In 1997, Sutton Hoo Press moved to La Crosse, Wisconsin, where C. Mikal
Oness accepted a position at the University of Wisconsin-La Crosse as an
assistant professor of English. In La Crosse, the press released books by Gary
Young, Marvin Bell, and Charles Wright. Elizabeth Oness took over the task of
marketing and development for the press.
Since settling in the upper midwest, the press has released a book every
Thanksgiving, Valentine’s Day, and Memorial Day, with various ephemera in
between. Sutton Hoo Press publications are now included in over 140 libraries
and private collections.
In 2001, Elizabeth Oness accepted a position as assistant professor of
English at Winona State University in Winona, Minnesota, where the Onesses live
with their son Jensen Mikal. The Vandercook 4 and cases of type are now
situated in their home. C. Mikal Oness left his post as an associate professor
in order to write, print, and father full time.
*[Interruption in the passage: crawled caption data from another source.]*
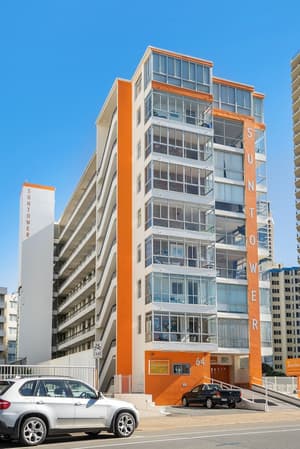 thumbnail: Front of property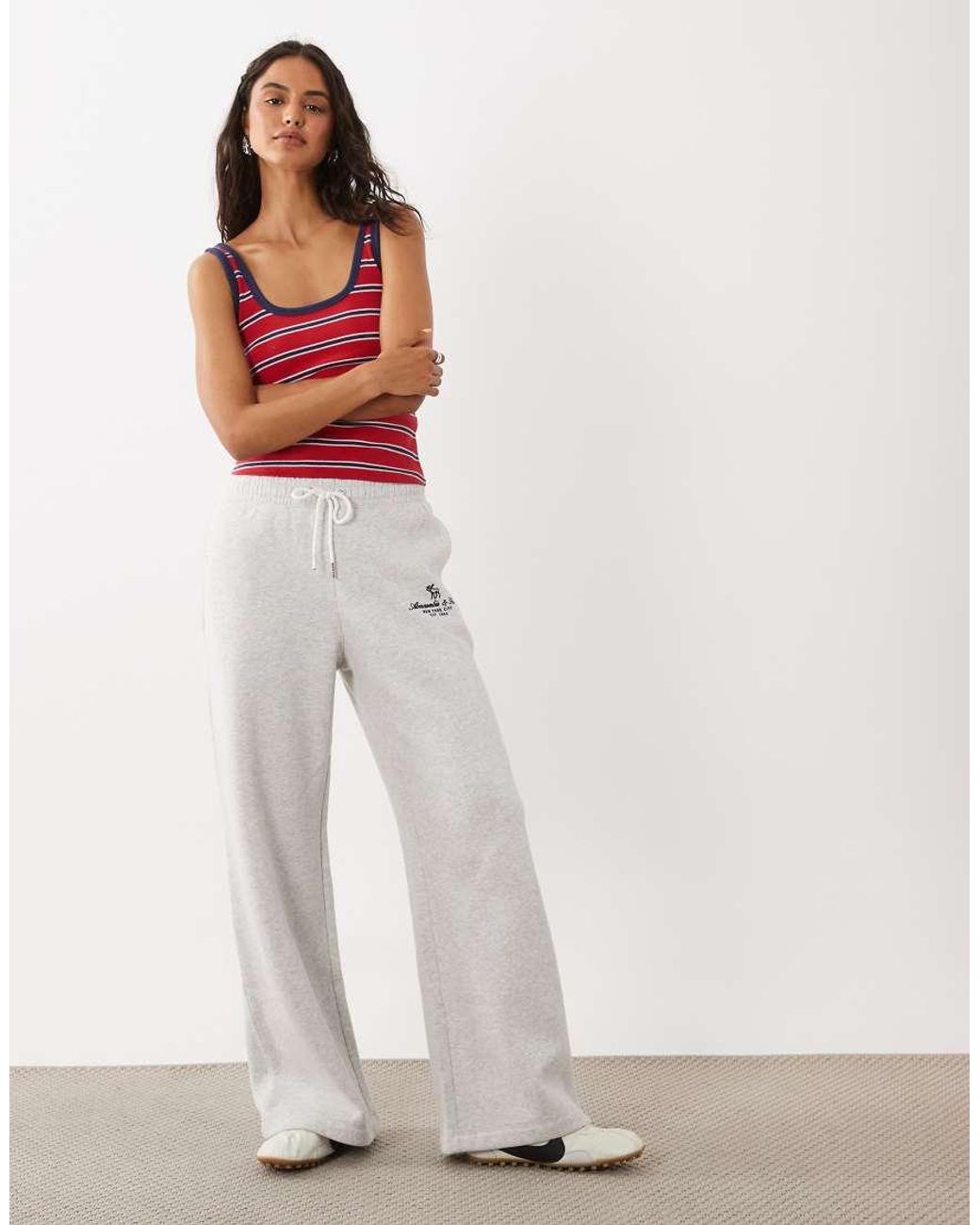 Abercrombie & Fitch White High Rise Wide Leg jogger
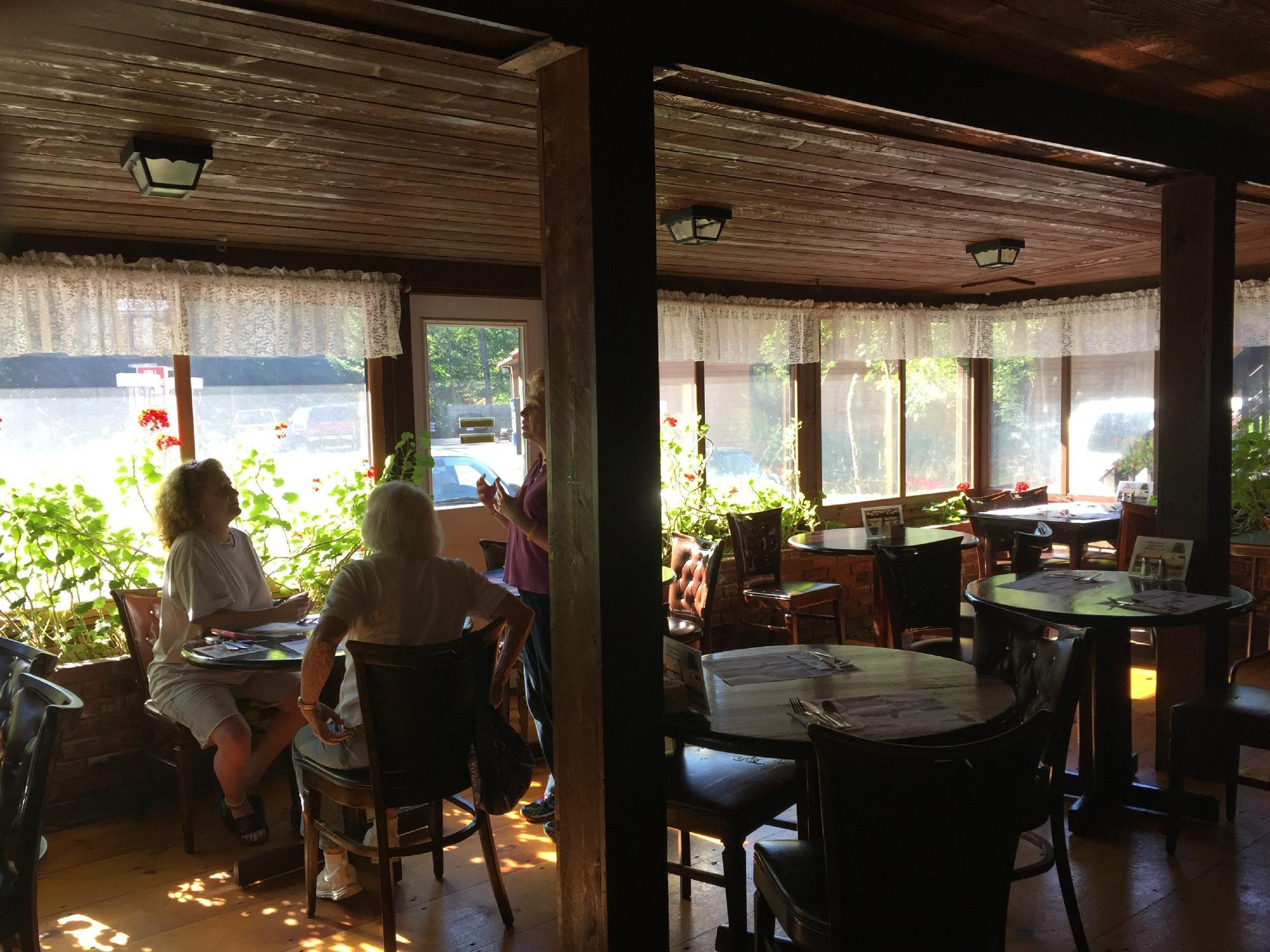 The Olde Blue Bird Inn Restaurant, 363 Black Rock Tpke, Easton, CT 06612, US - MapQuest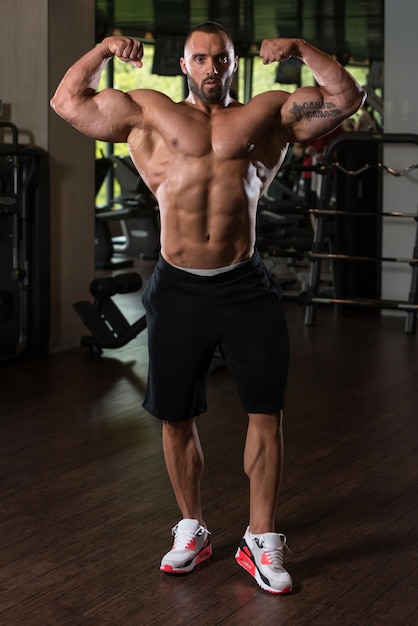 Culturista posando en el gimnasio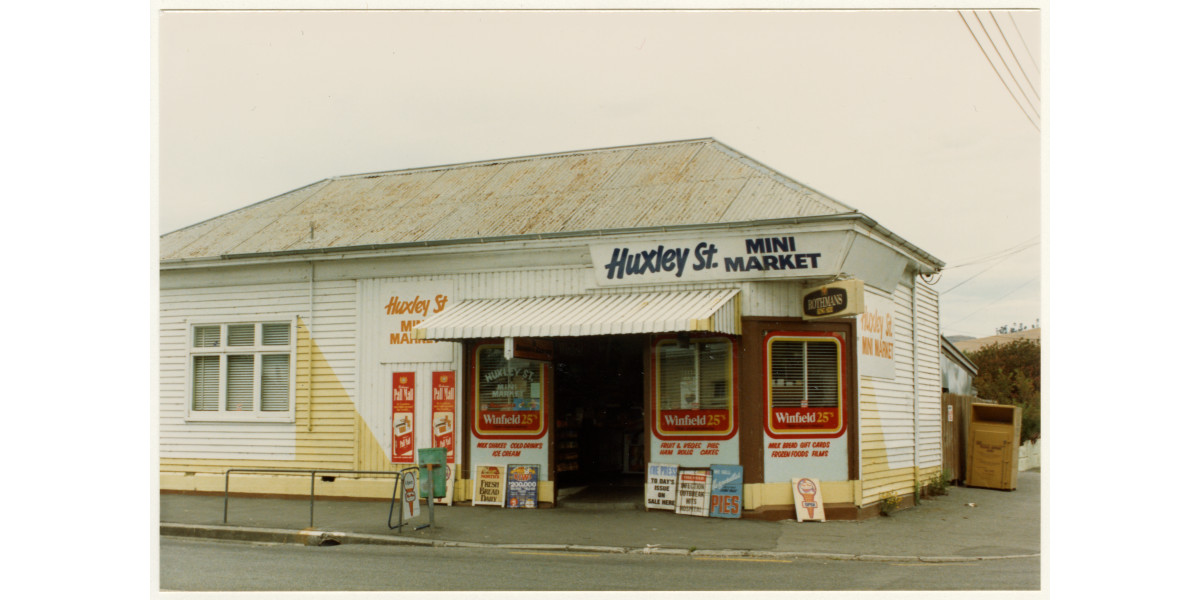 Huxley St Mini Market discoverywall.nz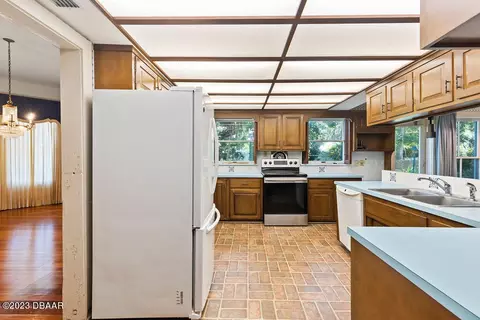 573 Rockledge Dr, Rockledge, FL 32955 photo 11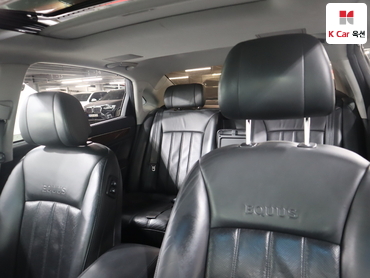 2010 - hyundai equus
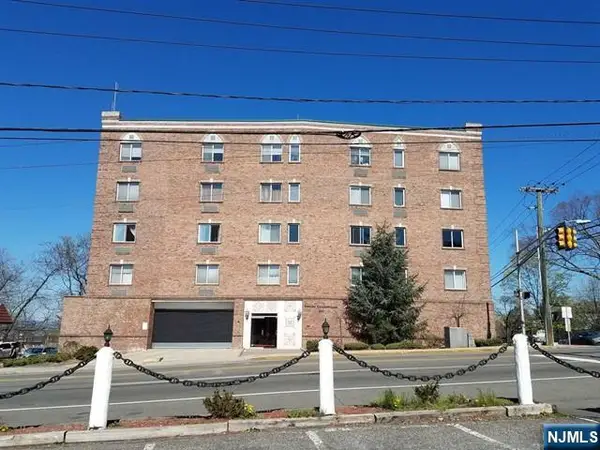 399 11th Street 205, Palisades Park, NJ 07650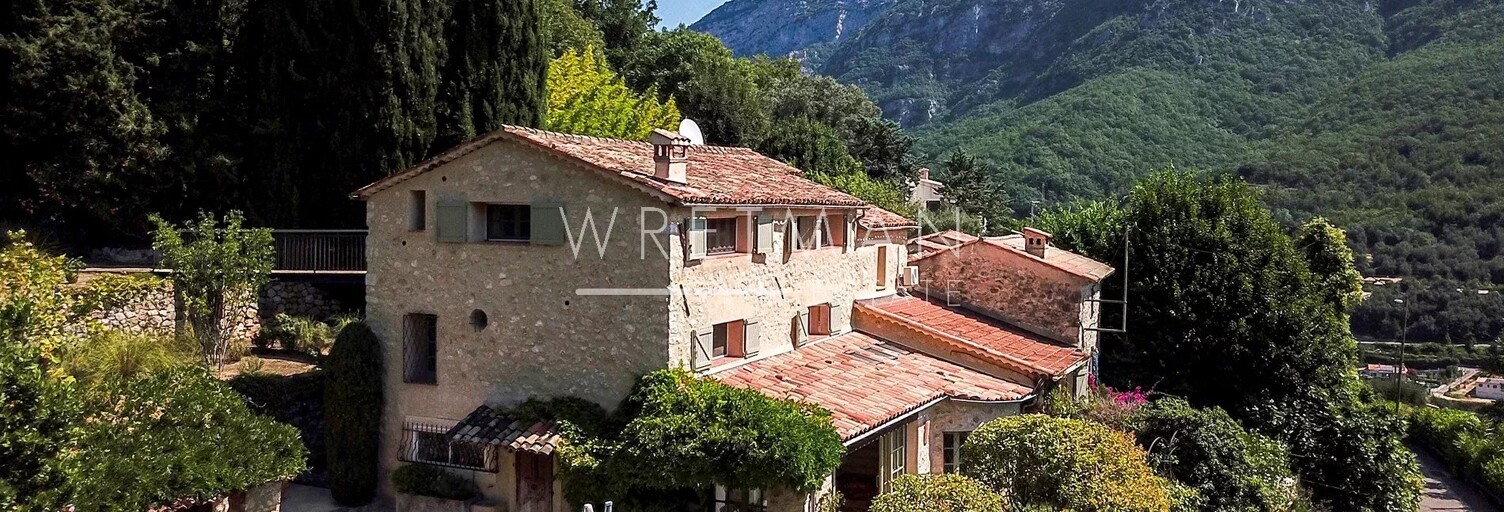 Maison 8 Pièces 238 m² à vendre à Le Bar-sur-Loup (06620)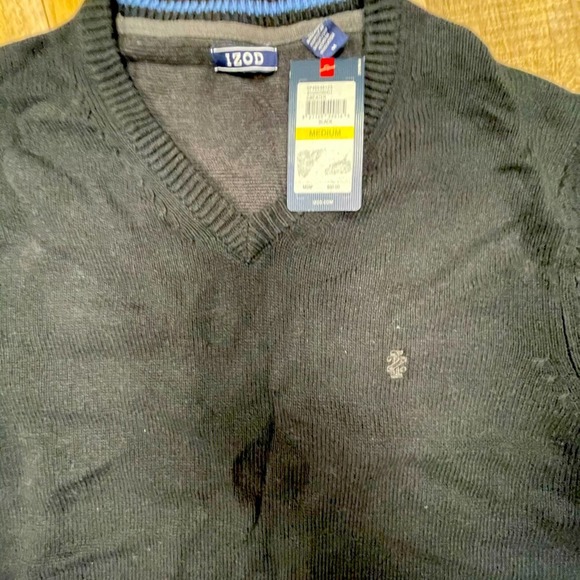 IZOD V-Neck Sweater - Picture 5 of 6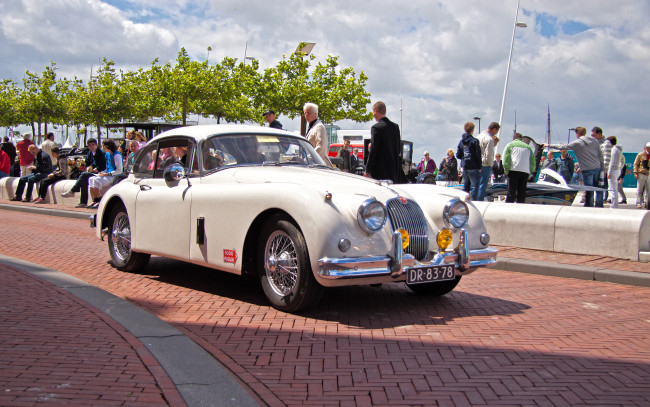 Обои картинки фото автомобили, выставки, уличные, фото, jaguar, xk, 150, fhc, 1958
In the early years in Winona, Sutton
Hoo Press released In the Palm of Space by Herbert Scott,
Praise by Philip Levine, winner of the National Book Award and
Pulitzer Prize, Rhumb Lines by Anthony Deaton, A Brief History of
Punctuation by Maurya Simon, a Minnesota Book Awards Finalist, The
Book of Ruth, and Peter Everwine’s Speaking of Accidents.